Research co-authored by Prof. Christopher Palmer in Sloan found that loan rates vary substantially, even when two borrowers are relatively similar, due primarily to the variations in the lender’s markup. “You would never get away with this if you were selling milk,” Palmer told Jo Craven McGinty of The Wall Street Journal. “It would be the same price for everyone.”

CNBC

MIT Media Lab researchers have created a system that can detect obstacles through fog that are not visible to the human eye, writes Darren Weaver for CNBC. “The goal is to integrate the technology into self-driving cars so that even in bad weather, the vehicles can avoid obstacles,” explains Warren.  

The Guardian

Prof.

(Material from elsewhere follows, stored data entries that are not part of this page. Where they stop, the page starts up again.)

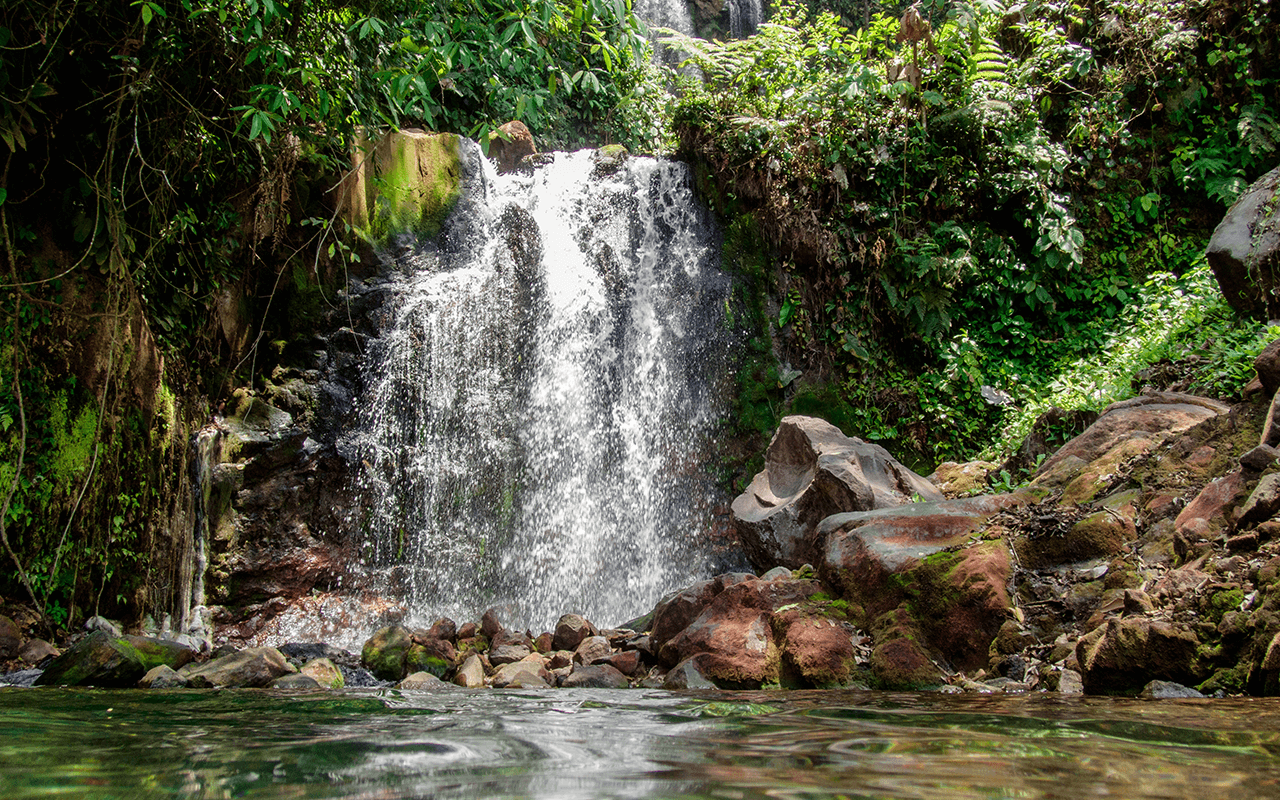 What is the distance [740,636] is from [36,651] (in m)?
4.74

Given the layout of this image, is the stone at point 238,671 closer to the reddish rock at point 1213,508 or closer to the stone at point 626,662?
A: the stone at point 626,662

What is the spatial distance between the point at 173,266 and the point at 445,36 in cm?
444

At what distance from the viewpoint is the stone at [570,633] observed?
5691mm

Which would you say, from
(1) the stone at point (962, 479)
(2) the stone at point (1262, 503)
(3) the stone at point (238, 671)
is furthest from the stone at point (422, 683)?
(1) the stone at point (962, 479)

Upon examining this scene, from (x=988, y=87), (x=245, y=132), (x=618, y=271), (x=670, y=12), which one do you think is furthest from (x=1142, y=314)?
(x=670, y=12)

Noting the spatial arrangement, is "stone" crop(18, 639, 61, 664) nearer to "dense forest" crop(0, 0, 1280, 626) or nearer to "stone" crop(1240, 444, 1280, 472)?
"dense forest" crop(0, 0, 1280, 626)

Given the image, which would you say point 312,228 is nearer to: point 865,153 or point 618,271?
point 618,271

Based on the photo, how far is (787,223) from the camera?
9.39 m

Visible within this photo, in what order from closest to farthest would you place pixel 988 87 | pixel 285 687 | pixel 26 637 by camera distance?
pixel 285 687, pixel 26 637, pixel 988 87

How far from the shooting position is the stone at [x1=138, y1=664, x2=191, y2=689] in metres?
4.07

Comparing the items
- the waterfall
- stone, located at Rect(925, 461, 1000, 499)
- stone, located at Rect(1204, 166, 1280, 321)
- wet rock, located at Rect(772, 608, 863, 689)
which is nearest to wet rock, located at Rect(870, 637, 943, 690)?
wet rock, located at Rect(772, 608, 863, 689)

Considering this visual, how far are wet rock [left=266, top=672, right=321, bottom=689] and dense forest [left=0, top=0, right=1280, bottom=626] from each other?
2531 millimetres

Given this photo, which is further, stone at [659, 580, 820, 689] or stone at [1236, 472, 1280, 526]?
stone at [659, 580, 820, 689]

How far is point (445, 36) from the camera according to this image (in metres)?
4.31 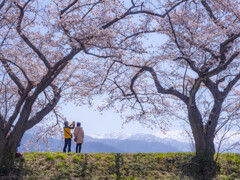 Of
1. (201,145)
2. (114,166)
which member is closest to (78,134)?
(114,166)

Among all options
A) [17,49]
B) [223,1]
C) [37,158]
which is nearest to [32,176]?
[37,158]

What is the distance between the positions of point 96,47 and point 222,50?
6.35 m

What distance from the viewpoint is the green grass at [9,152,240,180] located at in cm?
1031

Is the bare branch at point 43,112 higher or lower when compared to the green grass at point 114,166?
higher

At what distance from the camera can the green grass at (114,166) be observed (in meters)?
10.3

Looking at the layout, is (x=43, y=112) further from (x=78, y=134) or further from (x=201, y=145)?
(x=201, y=145)

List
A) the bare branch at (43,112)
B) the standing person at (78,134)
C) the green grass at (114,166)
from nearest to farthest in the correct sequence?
the green grass at (114,166), the bare branch at (43,112), the standing person at (78,134)

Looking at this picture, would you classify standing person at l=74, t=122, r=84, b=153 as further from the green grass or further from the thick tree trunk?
the thick tree trunk

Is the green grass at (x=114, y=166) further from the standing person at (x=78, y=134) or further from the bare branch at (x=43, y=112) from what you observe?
the standing person at (x=78, y=134)

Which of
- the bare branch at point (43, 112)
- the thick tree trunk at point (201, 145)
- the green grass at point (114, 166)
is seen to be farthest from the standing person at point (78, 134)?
the thick tree trunk at point (201, 145)

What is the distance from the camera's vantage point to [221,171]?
11.6 meters

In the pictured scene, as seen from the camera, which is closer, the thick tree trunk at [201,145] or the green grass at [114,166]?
the green grass at [114,166]

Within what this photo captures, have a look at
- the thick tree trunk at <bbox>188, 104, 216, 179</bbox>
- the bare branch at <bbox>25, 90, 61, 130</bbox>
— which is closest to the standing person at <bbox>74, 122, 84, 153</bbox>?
the bare branch at <bbox>25, 90, 61, 130</bbox>

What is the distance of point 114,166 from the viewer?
37.6 ft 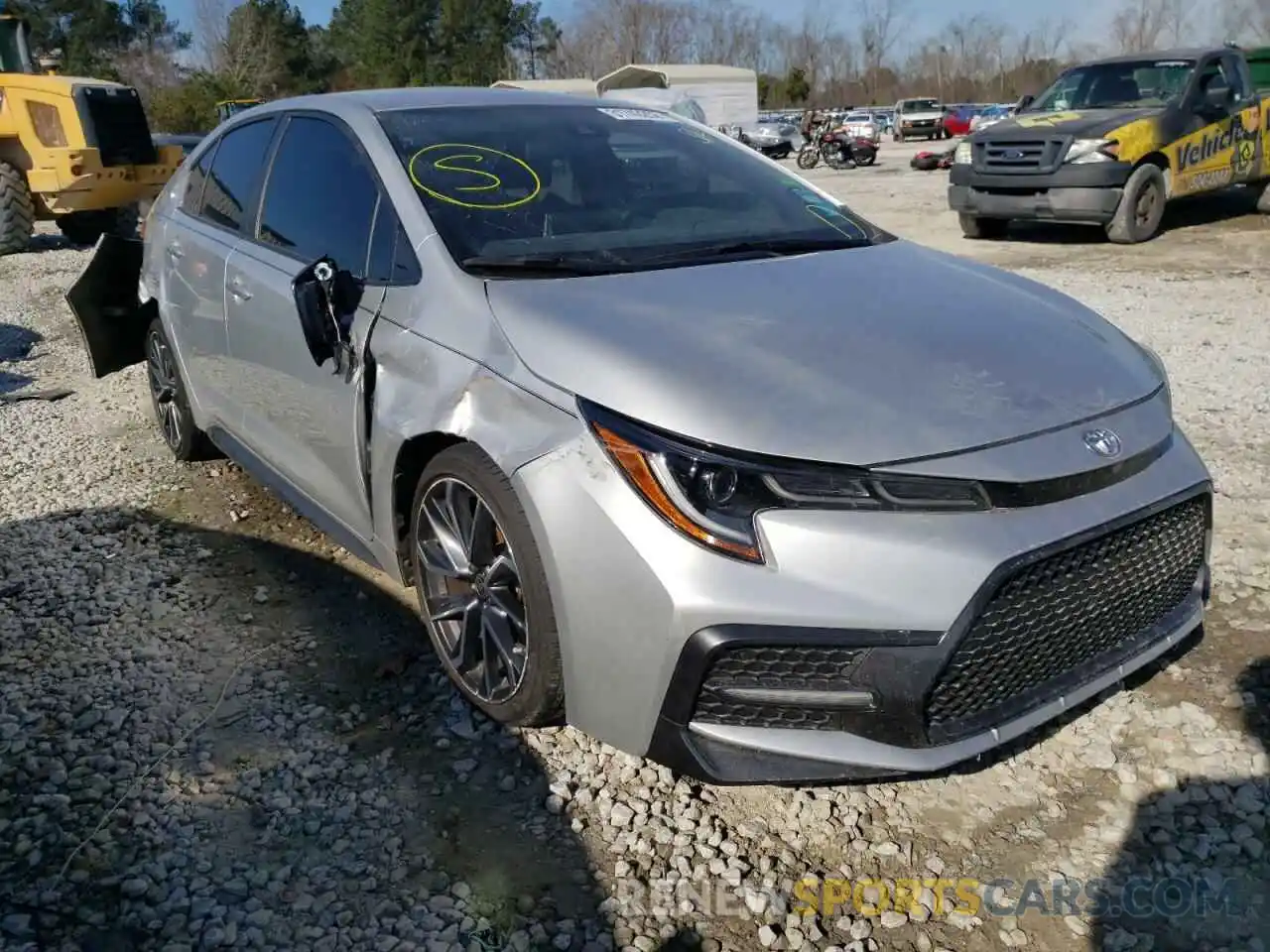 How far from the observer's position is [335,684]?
310cm

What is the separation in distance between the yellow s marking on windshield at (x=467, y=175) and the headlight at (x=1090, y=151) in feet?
29.1

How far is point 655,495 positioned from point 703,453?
13cm

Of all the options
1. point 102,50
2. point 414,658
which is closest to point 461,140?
point 414,658

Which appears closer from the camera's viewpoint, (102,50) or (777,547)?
(777,547)

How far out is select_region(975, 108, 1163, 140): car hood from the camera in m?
10.4

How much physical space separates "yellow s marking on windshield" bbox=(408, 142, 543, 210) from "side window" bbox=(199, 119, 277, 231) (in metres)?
1.08

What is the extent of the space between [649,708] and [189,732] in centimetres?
143

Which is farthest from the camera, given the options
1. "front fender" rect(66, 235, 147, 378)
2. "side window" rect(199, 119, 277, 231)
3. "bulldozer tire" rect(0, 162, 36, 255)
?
"bulldozer tire" rect(0, 162, 36, 255)

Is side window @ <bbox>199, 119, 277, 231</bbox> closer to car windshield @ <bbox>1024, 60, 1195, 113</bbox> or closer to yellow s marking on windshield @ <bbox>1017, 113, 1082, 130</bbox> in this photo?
yellow s marking on windshield @ <bbox>1017, 113, 1082, 130</bbox>

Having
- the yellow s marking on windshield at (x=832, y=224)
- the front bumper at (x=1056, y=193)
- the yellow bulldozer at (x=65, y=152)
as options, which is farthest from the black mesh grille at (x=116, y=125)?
the yellow s marking on windshield at (x=832, y=224)

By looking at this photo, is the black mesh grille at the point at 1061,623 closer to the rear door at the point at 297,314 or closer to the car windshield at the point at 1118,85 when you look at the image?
the rear door at the point at 297,314

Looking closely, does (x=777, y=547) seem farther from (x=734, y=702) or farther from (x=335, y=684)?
(x=335, y=684)

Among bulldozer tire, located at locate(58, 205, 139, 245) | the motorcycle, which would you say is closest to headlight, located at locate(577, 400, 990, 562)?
bulldozer tire, located at locate(58, 205, 139, 245)

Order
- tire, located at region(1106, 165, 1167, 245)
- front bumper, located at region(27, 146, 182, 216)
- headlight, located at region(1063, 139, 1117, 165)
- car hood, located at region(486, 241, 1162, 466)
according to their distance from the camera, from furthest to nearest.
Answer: front bumper, located at region(27, 146, 182, 216) < tire, located at region(1106, 165, 1167, 245) < headlight, located at region(1063, 139, 1117, 165) < car hood, located at region(486, 241, 1162, 466) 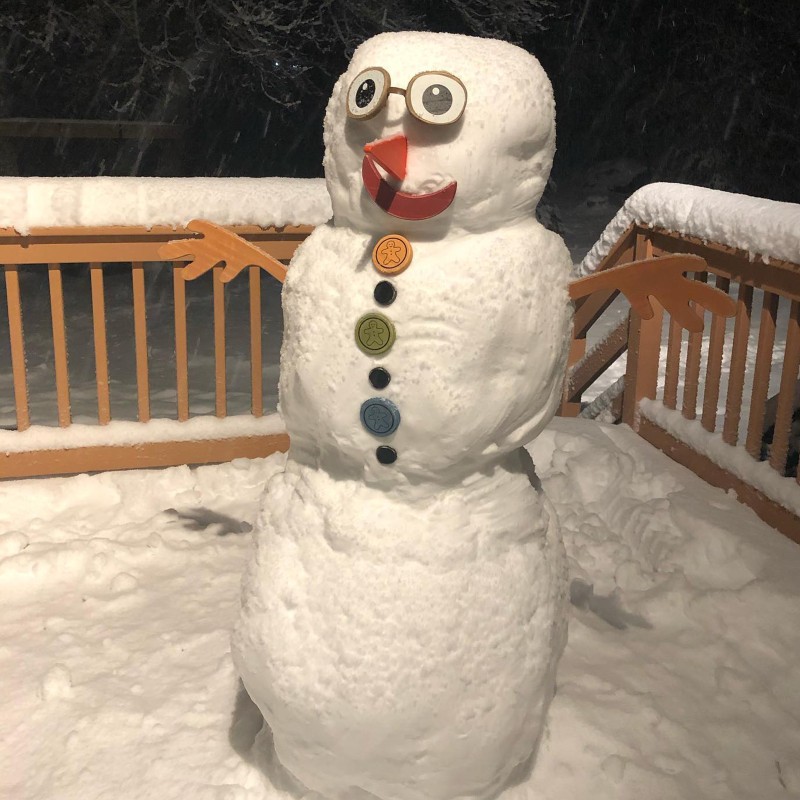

Evelyn Wang has led the development of a device that may solve water shortages in arid climates. “The device is powered by sunlight only, and the researchers said it could eventually be used to provide more than one-fourth of a liter of water per kilogram of metal-organic framework each day,” writes Chukwuma Muanya of The Guardian.

Science

NASA’s Transiting Exoplanet Survey Satellite (TESS), which is “the brainchild of researchers at the Massachusetts Institute of Technology,” hopes to “identify at least 50 rocky exoplanets—Earth-size or bigger,” that will eventually be scrutinized by a larger telescope that is launching in 2022, writes Daniel Clery for Science. “This is the finder scope,” explains research scientist and TESS principal investigator George Ricker.

CNN

Launching next month, the TESS satellite “is NASA's next mission in the search for exoplanets,”writes Ashley Strickland for CNN. “We expect TESS will discover a number of planets whose atmospheric compositions, which hold potential clues to the presence of life, could be precisely measured by future observers,” said George Ricker of the MIT Kavli Institute, who is a principal investigator on the mission.

Popular Mechanics

Researchers at MIT have developed a “kirigami” film, based off of the ancient paper-folding technique of the same name, that can be used for bandaging tricky areas like the knee or elbow, writes David Grossman for Popular Mechanics. “We are the first group to find, with a systematic mechanism study, that a kirigami design can improve a material’s adhesion,” says postdoc and lead researcher Ruike Zhao.

Vox

Sean Illing of Vox speaks with Prof. Sherry Turkle about her insights on how the digital world is impacting our human relationships. “I’m not anti-technology,” said Turkle. “I’m pro-relationships and pro-conversations and pro-communities and pro-politics. I want people to be media-savvy and to use it to their best advantage.”